(Data excerpts)
= Beginning of Section =

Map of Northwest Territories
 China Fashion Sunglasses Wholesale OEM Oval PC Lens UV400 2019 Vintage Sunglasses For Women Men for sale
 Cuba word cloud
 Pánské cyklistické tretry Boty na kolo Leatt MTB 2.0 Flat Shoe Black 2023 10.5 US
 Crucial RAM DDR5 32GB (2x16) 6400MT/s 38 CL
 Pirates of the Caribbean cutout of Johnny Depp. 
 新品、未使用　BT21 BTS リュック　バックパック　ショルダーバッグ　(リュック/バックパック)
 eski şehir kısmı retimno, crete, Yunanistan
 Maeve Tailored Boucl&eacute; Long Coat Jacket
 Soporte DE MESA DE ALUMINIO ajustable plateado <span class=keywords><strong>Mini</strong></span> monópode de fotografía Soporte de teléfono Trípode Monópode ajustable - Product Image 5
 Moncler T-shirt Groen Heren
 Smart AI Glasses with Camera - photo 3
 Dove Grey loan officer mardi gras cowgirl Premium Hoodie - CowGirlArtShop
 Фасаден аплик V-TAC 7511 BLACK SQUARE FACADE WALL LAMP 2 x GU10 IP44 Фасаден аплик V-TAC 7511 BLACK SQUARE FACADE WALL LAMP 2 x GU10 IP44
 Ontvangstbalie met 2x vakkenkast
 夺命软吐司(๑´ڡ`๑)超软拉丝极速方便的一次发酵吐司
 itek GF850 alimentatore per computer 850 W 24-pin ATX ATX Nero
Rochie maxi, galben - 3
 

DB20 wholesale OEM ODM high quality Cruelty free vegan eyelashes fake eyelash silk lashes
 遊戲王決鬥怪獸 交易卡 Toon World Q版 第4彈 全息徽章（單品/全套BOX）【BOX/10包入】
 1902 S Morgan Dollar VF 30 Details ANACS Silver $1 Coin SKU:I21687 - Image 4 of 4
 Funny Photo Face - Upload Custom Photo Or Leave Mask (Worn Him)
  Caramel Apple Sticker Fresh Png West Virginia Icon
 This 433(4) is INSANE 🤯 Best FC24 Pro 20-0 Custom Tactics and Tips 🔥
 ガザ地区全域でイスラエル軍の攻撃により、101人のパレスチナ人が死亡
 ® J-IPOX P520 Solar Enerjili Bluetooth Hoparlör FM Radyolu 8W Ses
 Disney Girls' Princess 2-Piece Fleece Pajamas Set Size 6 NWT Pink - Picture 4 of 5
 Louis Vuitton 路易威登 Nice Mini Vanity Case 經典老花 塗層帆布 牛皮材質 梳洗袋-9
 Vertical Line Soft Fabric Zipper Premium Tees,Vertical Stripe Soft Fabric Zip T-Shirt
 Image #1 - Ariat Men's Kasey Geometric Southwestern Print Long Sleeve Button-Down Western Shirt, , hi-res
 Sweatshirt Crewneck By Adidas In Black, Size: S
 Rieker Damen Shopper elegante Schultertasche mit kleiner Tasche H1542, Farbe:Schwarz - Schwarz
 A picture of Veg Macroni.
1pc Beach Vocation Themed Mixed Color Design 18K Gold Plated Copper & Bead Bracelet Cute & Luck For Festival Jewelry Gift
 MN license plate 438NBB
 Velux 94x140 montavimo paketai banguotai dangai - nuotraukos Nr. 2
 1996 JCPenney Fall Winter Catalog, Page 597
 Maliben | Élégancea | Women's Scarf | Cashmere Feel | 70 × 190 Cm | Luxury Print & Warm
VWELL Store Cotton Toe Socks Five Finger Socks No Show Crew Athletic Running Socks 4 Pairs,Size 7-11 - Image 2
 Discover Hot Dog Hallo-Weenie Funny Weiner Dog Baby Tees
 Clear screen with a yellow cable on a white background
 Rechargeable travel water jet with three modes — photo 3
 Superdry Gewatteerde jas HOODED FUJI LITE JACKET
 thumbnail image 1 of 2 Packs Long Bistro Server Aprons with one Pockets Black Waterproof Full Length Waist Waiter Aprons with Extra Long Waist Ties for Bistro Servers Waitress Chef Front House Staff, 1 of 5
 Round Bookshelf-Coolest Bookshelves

= End of Section =

*What this task involves:*
Word for word, repeat every record.

*The completed task:*
Map of Northwest Territories
 China Fashion Sunglasses Wholesale OEM Oval PC Lens UV400 2019 Vintage Sunglasses For Women Men for sale
 Cuba word cloud
 Pánské cyklistické tretry Boty na kolo Leatt MTB 2.0 Flat Shoe Black 2023 10.5 US
 Crucial RAM DDR5 32GB (2x16) 6400MT/s 38 CL
 Pirates of the Caribbean cutout of Johnny Depp. 
 新品、未使用　BT21 BTS リュック　バックパック　ショルダーバッグ　(リュック/バックパック)
 eski şehir kısmı retimno, crete, Yunanistan
 Maeve Tailored Boucl&eacute; Long Coat Jacket
 Soporte DE MESA DE ALUMINIO ajustable plateado <span class=keywords><strong>Mini</strong></span> monópode de fotografía Soporte de teléfono Trípode Monópode ajustable - Product Image 5
 Moncler T-shirt Groen Heren
 Smart AI Glasses with Camera - photo 3
 Dove Grey loan officer mardi gras cowgirl Premium Hoodie - CowGirlArtShop
 Фасаден аплик V-TAC 7511 BLACK SQUARE FACADE WALL LAMP 2 x GU10 IP44 Фасаден аплик V-TAC 7511 BLACK SQUARE FACADE WALL LAMP 2 x GU10 IP44
 Ontvangstbalie met 2x vakkenkast
 夺命软吐司(๑´ڡ`๑)超软拉丝极速方便的一次发酵吐司
 itek GF850 alimentatore per computer 850 W 24-pin ATX ATX Nero
Rochie maxi, galben - 3
 

DB20 wholesale OEM ODM high quality Cruelty free vegan eyelashes fake eyelash silk lashes
 遊戲王決鬥怪獸 交易卡 Toon World Q版 第4彈 全息徽章（單品/全套BOX）【BOX/10包入】
 1902 S Morgan Dollar VF 30 Details ANACS Silver $1 Coin SKU:I21687 - Image 4 of 4
 Funny Photo Face - Upload Custom Photo Or Leave Mask (Worn Him)
  Caramel Apple Sticker Fresh Png West Virginia Icon
 This 433(4) is INSANE 🤯 Best FC24 Pro 20-0 Custom Tactics and Tips 🔥
 ガザ地区全域でイスラエル軍の攻撃により、101人のパレスチナ人が死亡
 ® J-IPOX P520 Solar Enerjili Bluetooth Hoparlör FM Radyolu 8W Ses
 Disney Girls' Princess 2-Piece Fleece Pajamas Set Size 6 NWT Pink - Picture 4 of 5
 Louis Vuitton 路易威登 Nice Mini Vanity Case 經典老花 塗層帆布 牛皮材質 梳洗袋-9
 Vertical Line Soft Fabric Zipper Premium Tees,Vertical Stripe Soft Fabric Zip T-Shirt
 Image #1 - Ariat Men's Kasey Geometric Southwestern Print Long Sleeve Button-Down Western Shirt, , hi-res
 Sweatshirt Crewneck By Adidas In Black, Size: S
 Rieker Damen Shopper elegante Schultertasche mit kleiner Tasche H1542, Farbe:Schwarz - Schwarz
 A picture of Veg Macroni.
1pc Beach Vocation Themed Mixed Color Design 18K Gold Plated Copper & Bead Bracelet Cute & Luck For Festival Jewelry Gift
 MN license plate 438NBB
 Velux 94x140 montavimo paketai banguotai dangai - nuotraukos Nr. 2
 1996 JCPenney Fall Winter Catalog, Page 597
 Maliben | Élégancea | Women's Scarf | Cashmere Feel | 70 × 190 Cm | Luxury Print & Warm
VWELL Store Cotton Toe Socks Five Finger Socks No Show Crew Athletic Running Socks 4 Pairs,Size 7-11 - Image 2
 Discover Hot Dog Hallo-Weenie Funny Weiner Dog Baby Tees
 Clear screen with a yellow cable on a white background
 Rechargeable travel water jet with three modes — photo 3
 Superdry Gewatteerde jas HOODED FUJI LITE JACKET
 thumbnail image 1 of 2 Packs Long Bistro Server Aprons with one Pockets Black Waterproof Full Length Waist Waiter Aprons with Extra Long Waist Ties for Bistro Servers Waitress Chef Front House Staff, 1 of 5
 Round Bookshelf-Coolest Bookshelves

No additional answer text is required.